It is therefore concerned that rising levels of mortgage borrowing are creating a potential risk to the financial and economic stability of the country as a whole.
Mortgages are the single largest liability of UK households, representing 80% of household debt. If borrowers find themselves in financial difficulties this will in turn have a negative effect on the banks and other mortgage lenders, and on the economy as a whole.
Consequently the Bank believes that action is needed now to prevent this problem arising in the future.
In his statement on the proposals by the Bank’s Financial Policy Committee (FPC) Governor Mark Carney said
“The FPC does not believe that household indebtedness poses an imminent threat to stability. Underwriting standards are more responsible than they were in the past. However, we have seen time and again how quickly responsible can turn to reckless, creating risks that ultimately derail the UK economy. The FPC is concerned that a marked loosening in underwriting standards and an associated significant increase in the number of highly indebted households could pose major direct and indirect risks in future. So we are taking action today to prevent this from happening”
New restrictions not expected to have much impact outside London
The Bank does not expect these measures to have an immediate negative effect on mortgage borrowing. The current share of new mortgage lending with Loan-to-Income ratio in excess of 4. 5 is around 10%, while the recommendation on affordability tests is in line with the current practice of prudent lenders.

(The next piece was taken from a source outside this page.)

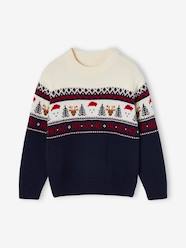 Boys-Cardigans, Jumpers & Sweatshirts-Christmas Special Jacquard Knit Jumper for Children, Family Capsule Collection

In fact the Banks proposals do not go far enough for some politicians. Vince Cable for example has been calling for a much lower cap on high Loan-to-Income lending.

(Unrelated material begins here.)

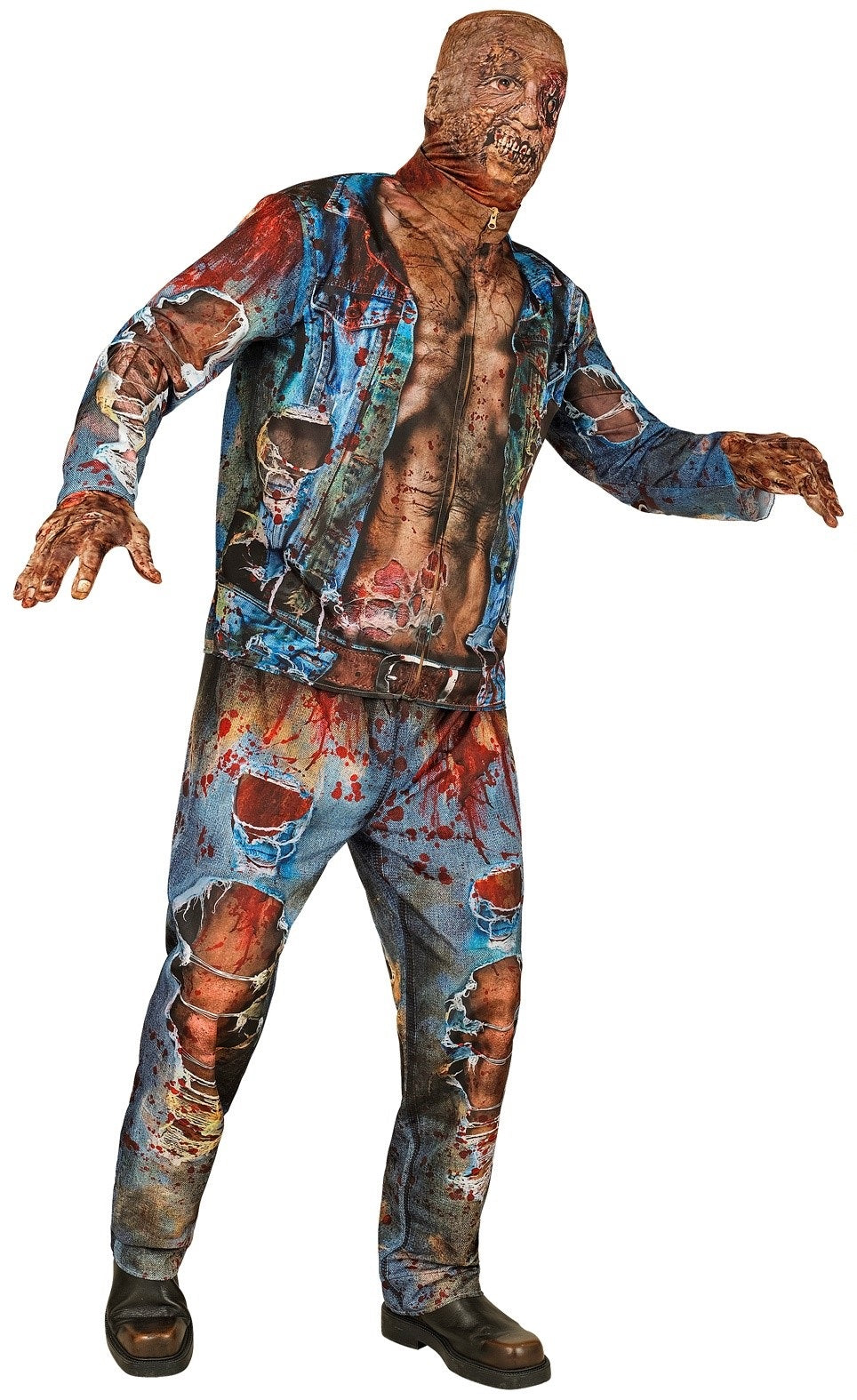 Disfraz de Zombie Podrido para Hombre Zombies Widmann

But as the Council of Mortgage Lenders has pointed out “Limiting the level of a lender’s lending to no more than 15% of new mortgages at 4. 5 times income or above (and none at all for Help to Buy guaranteed loans) is likely to impact the London market more than elsewhere. Nationally, 9% of new loans are at 4. 5 times income or more, but the figure is 19% in London. ”
It also seems that the increased affordability tests for borrowers which were introduced recently have already caused a slowdown in the number of mortgage applications.
It is arguable whether house prices across the country as a whole are rising as fast as some people make out. Headline figures often just relate to central London, but in much of the country there is little evidence that prices are out of control.
Don’t cap the money supply – get more houses built
Capping the money supply for mortgages may be a quick and easy solution to the apparent problem.
But it is abundantly clear is that the real reason for rising house prices is the shortage of houses available to buy. It seems that existing owners are staying put and agents report fewer properties are coming on to the market.
At the same the number of new homes being built has declined because of the recession. Although builders are now working hard to build more homes the fact is that the number being completed will be well below the number estimated to be required for some years to come.
That is the real problem which must be addressed by the government if it really wants to stop house prices rising too fast.